The band kicked straight into their current single “The Motherload,” a song that showcases the amazing dexterity and versatility of Mastodon’s secret weapon, drummer Brann Dailor, who not only plays every drum part with complex fills and rolls but also handles a majority of the song’s lead vocals for the entire five-minute length of the song.
Mastodon, who were celebrating their 2,000th show that evening, slowed things down with two more songs from Once More, “Chimes At Midnight” and the mammoth riffed “High Road,” which perfectly melds the crushing groove Mastodon built their careers on along with the melodic choruses they have become known for as they progressed. The band took things back to their 2004 breakout album, Leviathan, with “Aqua Dementia” and their final song, the colossal “Blood And Thunder.”
As Mastodon finished their set, the crowd was already in a trance-like state as they waited for the one final act of the evening, legendary nü-metal pioneers Korn, who were celebrating the 21st anniversary of their groundbreaking self-titled album. The significance of that album not only defined a generation of misfit Gen-X teens but also revolutionized the metal scene in the early ‘90s, shifting the focus of metal from technical, complex arrangements of the ‘80s in lieu of down tuned, heavy riffs and an emphasis on heavier breakdowns.
The iconic cover of their self-titled album always struck this feeling of uneasiness in me as a kid, and seeing it on a massive scale across a full stage brought me right back to that feeling as kid, only tenfold. As the lights dimmed, the crowd immediately came to a deafening roar as drummer Ray Luzier (the only non-original member, who replaced drummer David Silveria) began playing the ride cymbal intro to the album’s opening track “Blind.”

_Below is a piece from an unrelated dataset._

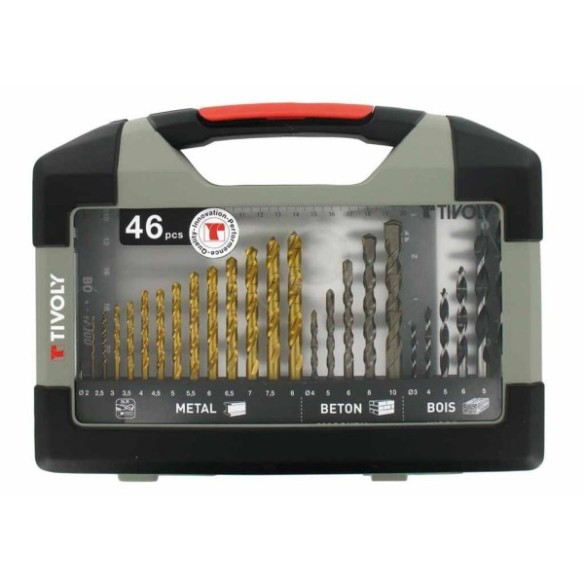 BROCA TIVOLY MALETIN 46PZAS. NECO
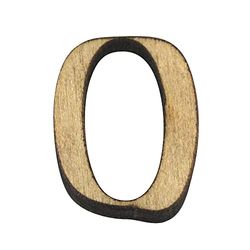 Rayher 6217400 träbokstäver, 2 cm, O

As the members slowly began making their way onto the stage building up the intro to an almost fever high, it was frontman Jonathan Davis who finally emerged from backstage and screamed to the crowd one simple question: “ARE YOU READY!?” From there, it was absolute chaos.
The entire audience began to jump, push and move like a sea of bodies in the midst of a storm. The band ripped through the first seven tracks from their self-titled album in sequential order following “Blind” with “Ball Tongue” and the bass heavy “Need To,” which bassist Fieldy played with a sense of nostalgic vigor while Davis and guitarists James “Munky” Shaffer and Brian “Head” Welch created haunting yet heavy atmospheric soundscapes and crushing riffs all the while. The band ended their trip down memory lane with “Shoots and Ladders,” which was interesting to hear as a nearly sold-out crowd screamed back nursery rhymes and were all menacing about it.
The remainder of the band’s set consisted of hits like “Falling Away From Me,” from 1999’s Issues and “Here to Stay” from 2002’s Untouchables. Thankfully the band kept their set to the mid 2000s, only going as far as 2005’s “Coming Undone,” sparing us of any latter-era tracks and Skrillex mashups.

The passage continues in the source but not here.